Um artigo de opinião assinado por Dantas Rodrigues, advogado, professor de Direito, especialista em Direito Internacional e sócio-partner da Dantas Rodrigues & Associados.

Distinção entre alvos civis e militares é praticamente impossível em Gaza
Notícias ao Minuto

10:53 - 29/01/24 por Notícias ao Minuto

ao minuto Ao Minuto Mundo Artigo de opinião

"A guerra é cruel. Porque consiste no uso da violência organizada para atingir fins políticos. O papel do direito internacional na guerra é conter essa violência com normas, uma das quais, porventura das mais discutidas, é o exercício da legítima defesa. 

Daí, no atual contexto do conflito que opõe Israel ao Hamas, a recorrência das dúvidas: a resposta dada por Israel ao ataque terrorista de 7 de outubro poderá incluir-se no âmbito da legítima defesa, tal como estabelecida no art.º 51.º da Carta das Nações Unidas, que diz, «nada na presente Carta prejudicará o direito inerente de legítima defesa individual ou coletiva no caso de ocorrer um ataque armado contra um Membro das Nações Unidas, até que o Conselho de Segurança tenha tomado as medidas necessárias para a manutenção da paz e da segurança internacionais»? Poderá uma eventual «legítima defesa» de Israel legitimar a morte de mais uns quantos milhares de civis? Existem, ou não, limites para os mortos por guerras?

O Direito Internacional Humanitário, conhecido por ser o direito da guerra e dos antagonismos armados, constitui o ramo do direito internacional que se aplica a situações de conflitos, regulando as hostilidades e limitando os meios e as formas de combate, tendo sempre como principal objetivo a proteção de civis.

Seguindo as diretrizes do comité da Cruz Vermelha Internacional, o Direito Internacional Humanitário procura limitar os efeitos dos conflitos armados, protegendo as pessoas que neles não participam, através da restrição dos meios e métodos de guerra, tendo como objetivo a «humanização» dos combates, limitando, na medida do possível, os chamados efeitos colaterais que deles possam advir (e advêm sempre, porque a guerra não é uma ciência exata).

Daí o Direito Internacional Humanitário se encontrar legislado: 1) nas quatro convenções de Genebra, de 1949, e nos protocolos adicionais (que são atualmente as principais fontes legais); 2) na convenção da Haia, para a Proteção de Bens Culturais em Caso de conflito armado, de 1954; 3) no protocolo facultativo à convenção sobre os direitos da criança, relativo à participação de crianças em conflitos armados; e 4) nas várias convenções das Nações Unidas que proíbem a utilização de certas armas.
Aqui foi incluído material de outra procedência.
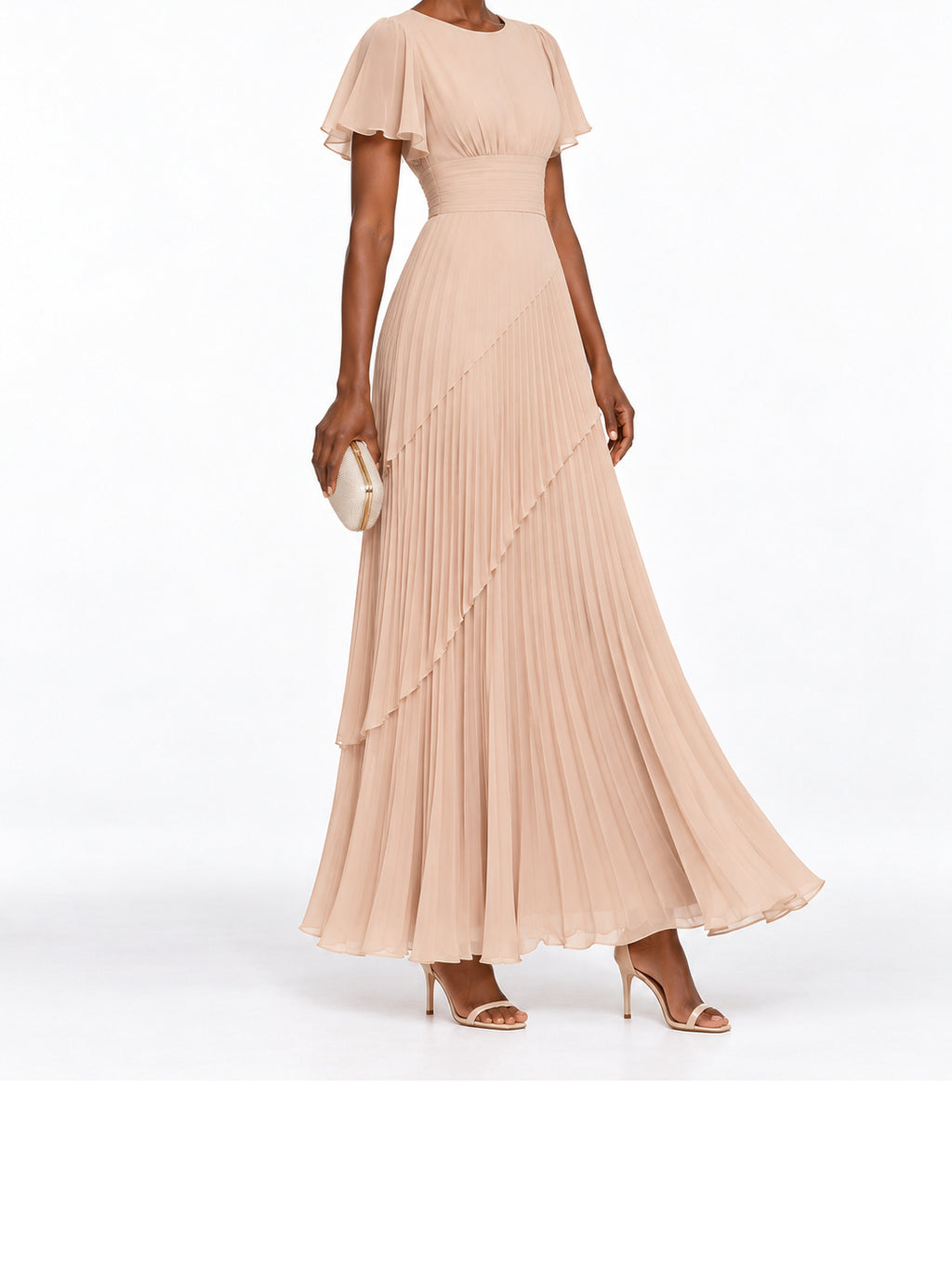 Beige Pleated Chiffon Flutter Sleeve Maxi Dress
O Direito Internacional Humanitário é, antes de tudo, um compromisso entre quatro princípios subjacentes que moldam todas as suas normas, ou seja, os princípios da Distinção, da Proporcionalidade, da Precaução, e da Necessidade Militar.
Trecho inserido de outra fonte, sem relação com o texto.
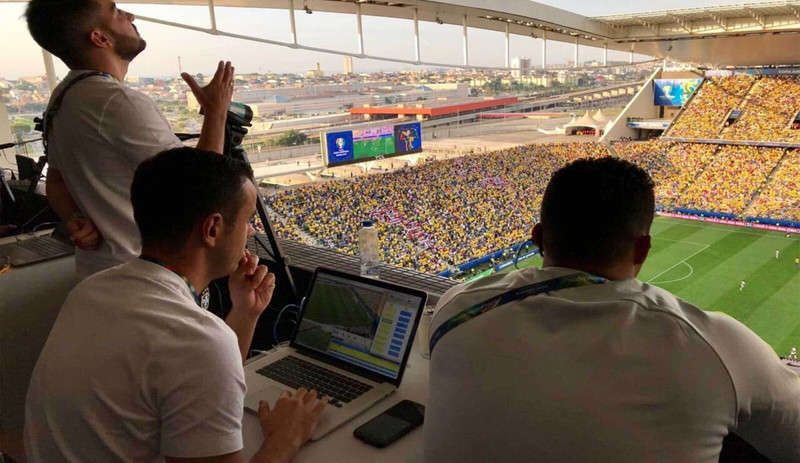 Brazil National Team players celebrate a goal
A explicação para estes princípios é dada pelo Tribunal Internacional de Justiça no parecer consultivo de 8 de julho de 1996, relativamente à legalidade da ameaça e uso de armas nucleares, onde se lê: «o principio da distinção tem como objetivo a proteção da população civil e dos bens civis e estabelece a distinção ente combatentes e não combatentes; os Estados não podem nunca fazer do civil objeto de ataque e, consequentemente, não devem em qualquer situação usar armas que sejam incapazes de distinguir entre alvos civis e militares; os alvos civis gozam de imunidade de ataque, ou seja, não podem ser alvo direto de um ataque».

O princípio da Proporcionalidade proíbe causar sofrimento desnecessário aos combatentes. Pressupõe que se pondere a vantagem militar que é esperada com um determinado ato e os danos colaterais que daí poderão resultar.  A sua aplicação concreta torna-se difícil, na medida em que pressupõe que se faça um raciocínio entre «vantagem militar» e «danos colaterais», sendo que os danos colaterais em bens ou pessoas civis que ocorrem no âmbito de um ataque dirigido a um alvo militar não ditam automaticamente que esse ataque seja juridicamente ilícito. Só o será se os danos colaterais forem excessivamente desproporcionais.
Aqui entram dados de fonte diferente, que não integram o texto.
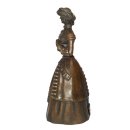 Bronzefigur, Bronze Glocke, Tischglocke elegante Dame, Bronzeskulptur 14 cm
O princípio da Necessidade Militar estabelece que, no âmbito de um conflito, qualquer ato tem de ter subjacente uma necessidade militar justificada, em último caso, no objetivo militar de cada uma das partes que será o de derrotar o inimigo. Este princípio é indissociável da ideia de humanidade, na medida em que, apesar de à luz do Direito Internacional Humanitário a violência ser legítima, esta só o será se for militarmente necessária.

Regressando a Israel, o direito a autodefender-se de ataques armados, nos termos do artigo 51.º da Carta das Nações Unidas, é indiscutível. No entanto, esse direito de legítima defesa é limitado pelo direito humanitário internacional. E um dos princípios mais importantes encontra-se plasmado na exigência de diferenciação, a qual obriga as partes a distinguir entre civis e combatentes, entre objetivos civis e objetivos militares. Mas isso significa apenas que civis ou bens civis não devem ser deliberadamente alvo de ataques. Por conseguinte, a morte de civis só é proibida se for provado que foi intencional.

Explicando melhor: se o Hamas instalar uma plataforma de mísseis numa área residencial civil, Israel tem o direito de atacar essa área residencial, mesmo provocando os anteriormente referidos danos colaterais à população civil. E esses danos colaterais podem ser elevadíssimos, dependendo do objetivo e das necessidades militares.

A distinção entre alvos civis e militares exigida pelo direito internacional é praticamente impossível em Gaza, já que se trata de uma das cidades mais densamente povoadas e urbanizadas do planeta, e onde a logística do Hamas se encontra localizada em edifícios residenciais ou escritórios, sem referir uma boa parte do subsolo, que nem o «Tzahal» nem a própria «Mossad» conhecem bem.

Se o Hamas está disseminado por mesquitas, por estabelecimentos de ensino e por hospitais, então, todos esses edifícios constituem alvos militares absolutamente legítimos."